** Opening Data for this task block **
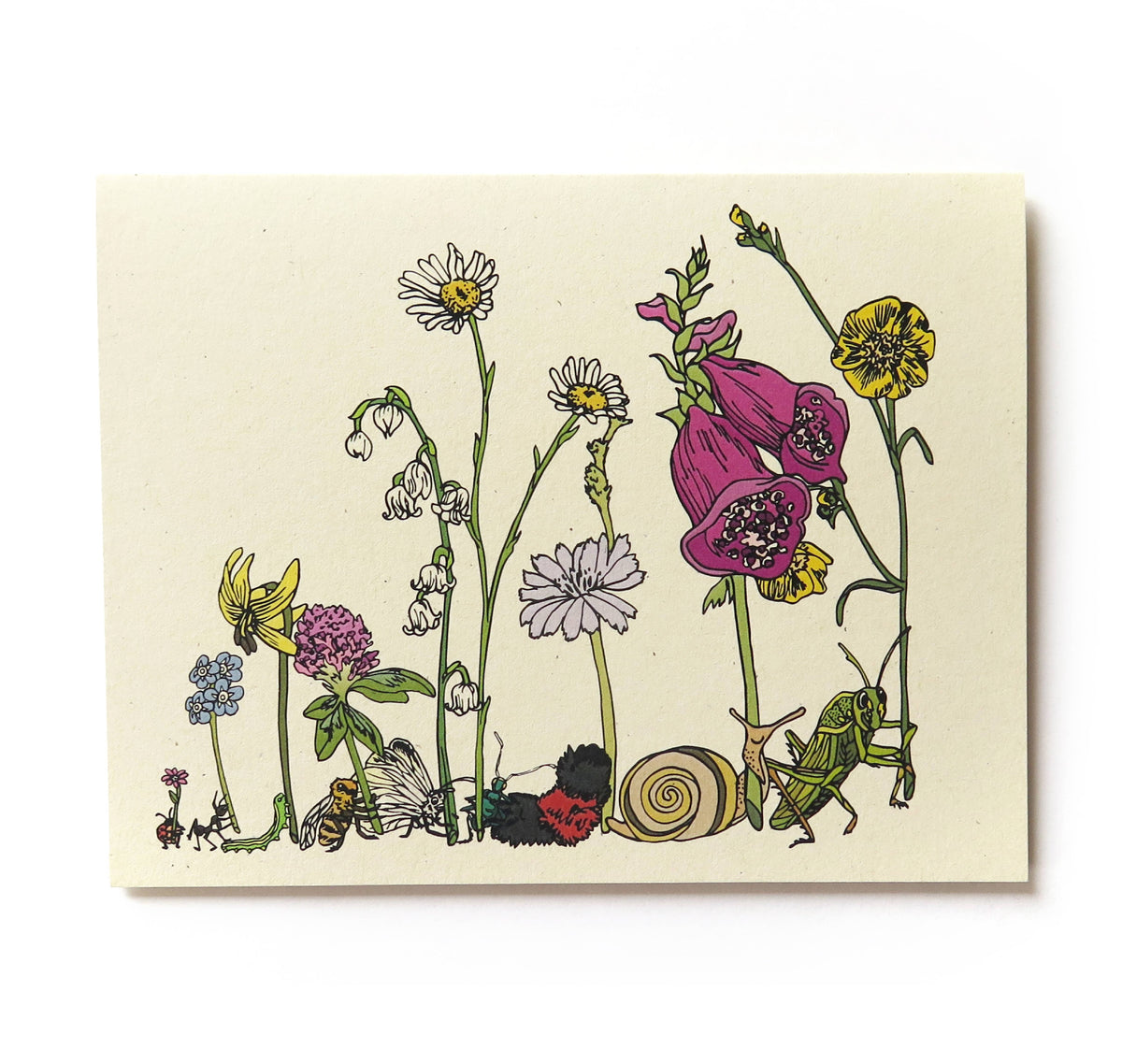 Card - Variety - Wild Life Illustration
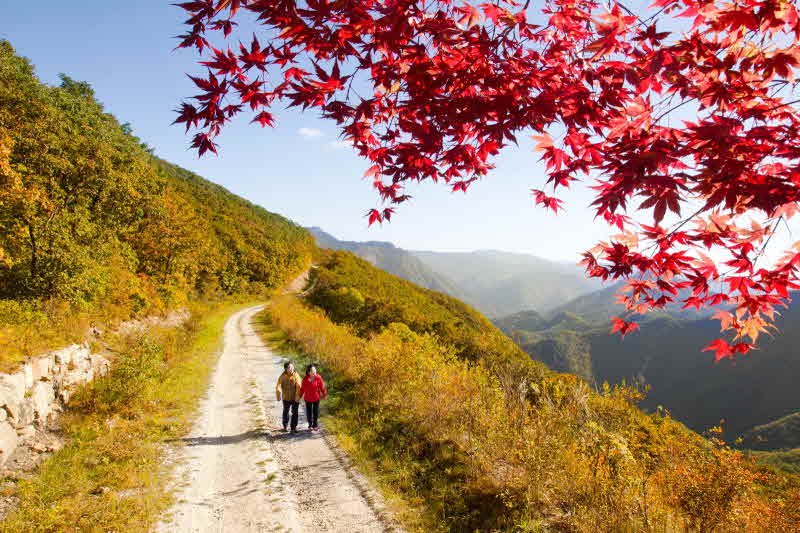 하이원리조트 하늘길-운탄고도.JPG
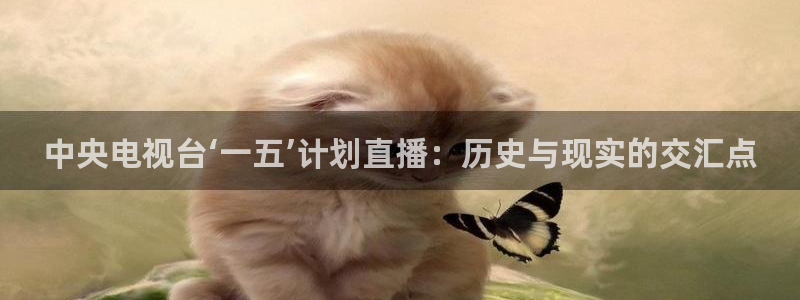 jr看球直播网：中央电视台‘一五’计划直播：历史与现实的交汇点
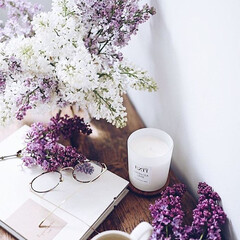 Теплые истории для весны🍃🌿☀️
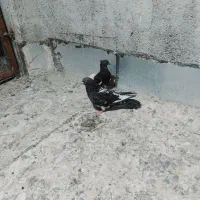 فروش کبوتر|پرنده|اهواز, شهرک رزمندگان|دیوار
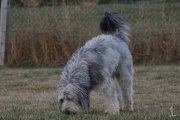 Sam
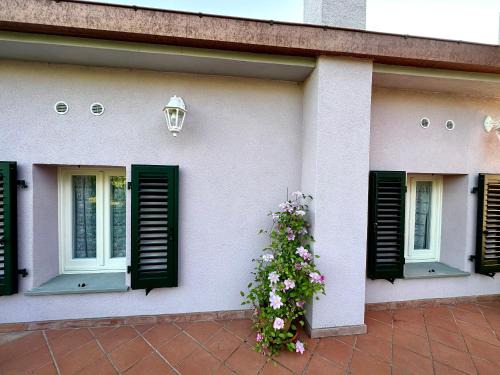 Casa vista lago la Rosella
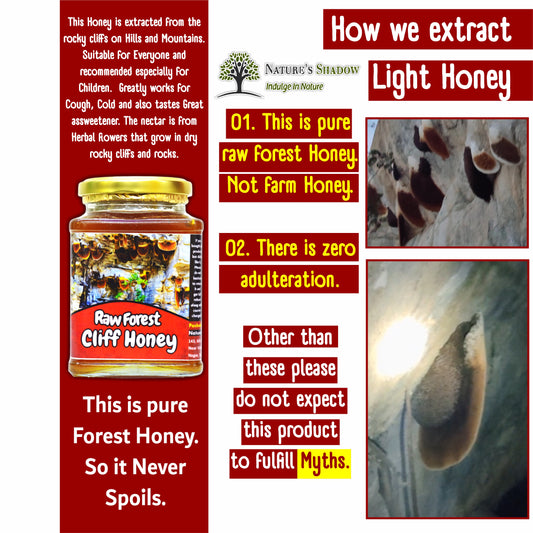 Raw Forest Cliff Honey - South Indian Origin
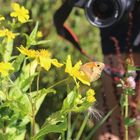 Fototour im Sommer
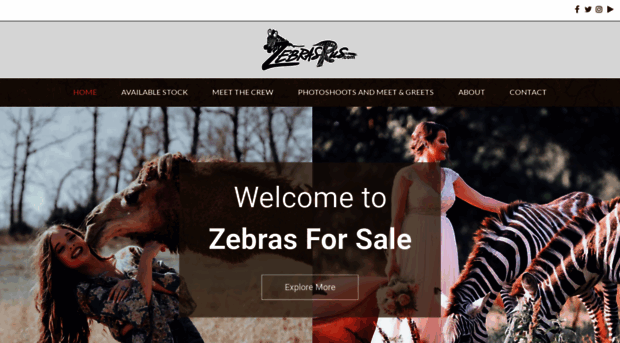 zebrasrus.com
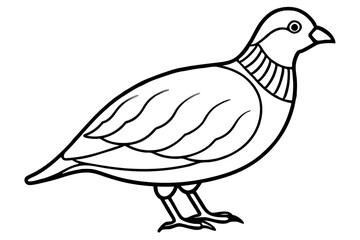 Quail Outline Illustration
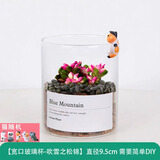 绿荫巷子多肉植物类绿植盆栽肉肉办公室内仙人掌球桌面带盆好养活小盆景 【吹雪之松锦】高透玻璃杯土砂+杯口猫咪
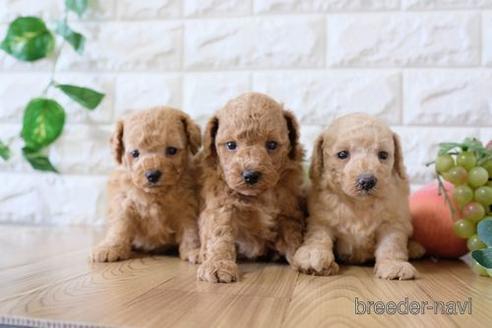 成約済の滋賀県のトイプードル-170947の4枚目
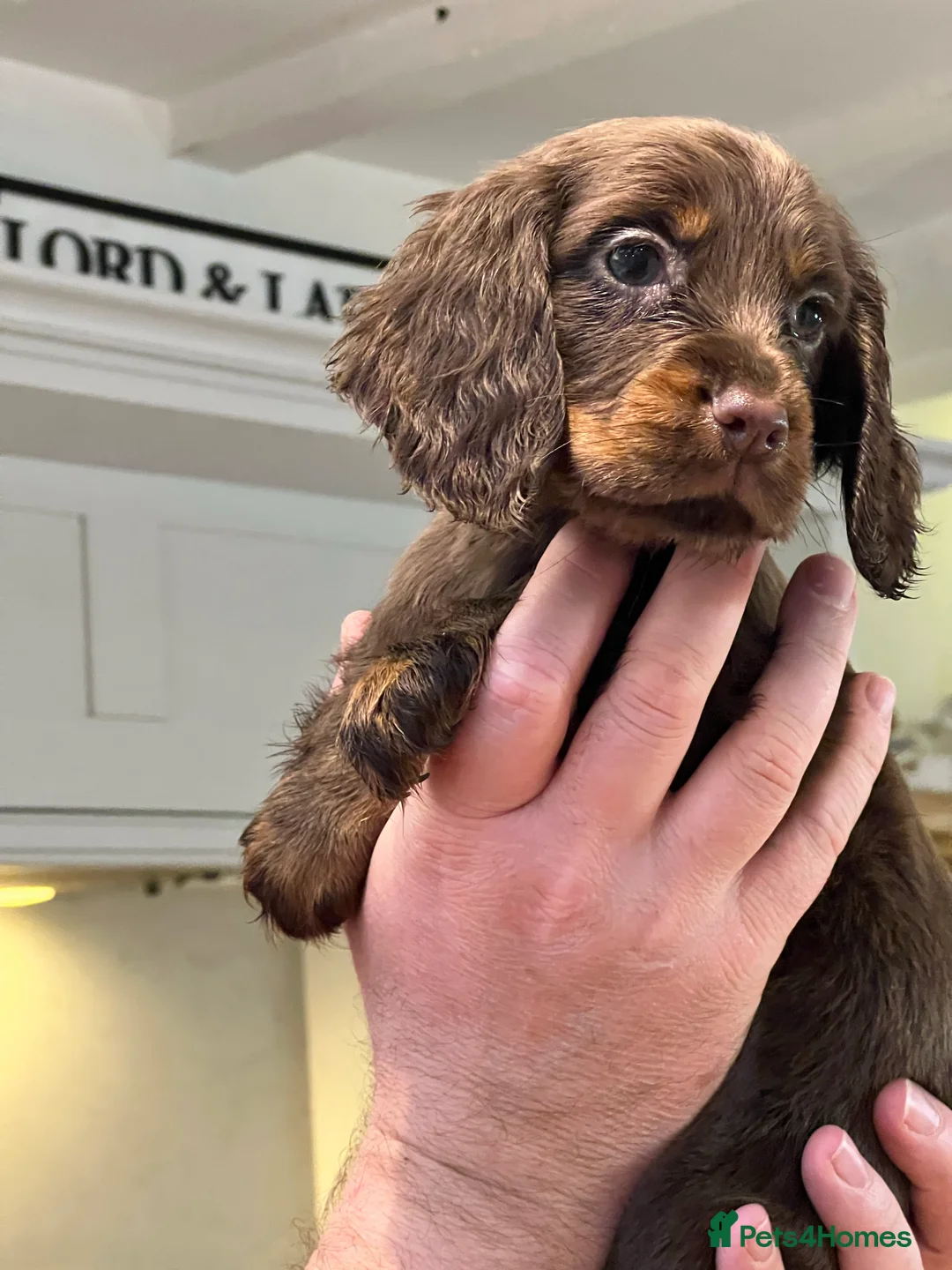 Cocker Spaniel dogs for stud: Proven Stud - Working Cocker Spaniel in Middlewich - Advert 32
** Closing Data for this task block **
→ What is required:
Output a verbatim copy of all entries above; no pictures go in it.

→ Output for this exercise:
 Card - Variety - Wild Life Illustration
 하이원리조트 하늘길-운탄고도.JPG
 jr看球直播网：中央电视台‘一五’计划直播：历史与现实的交汇点
 Теплые истории для весны🍃🌿☀️
 فروش کبوتر|پرنده|اهواز, شهرک رزمندگان|دیوار
 Sam
 Casa vista lago la Rosella
 Raw Forest Cliff Honey - South Indian Origin
 Fototour im Sommer
 zebrasrus.com
 Quail Outline Illustration
 绿荫巷子多肉植物类绿植盆栽肉肉办公室内仙人掌球桌面带盆好养活小盆景 【吹雪之松锦】高透玻璃杯土砂+杯口猫咪
 成約済の滋賀県のトイプードル-170947の4枚目
 Cocker Spaniel dogs for stud: Proven Stud - Working Cocker Spaniel in Middlewich - Advert 32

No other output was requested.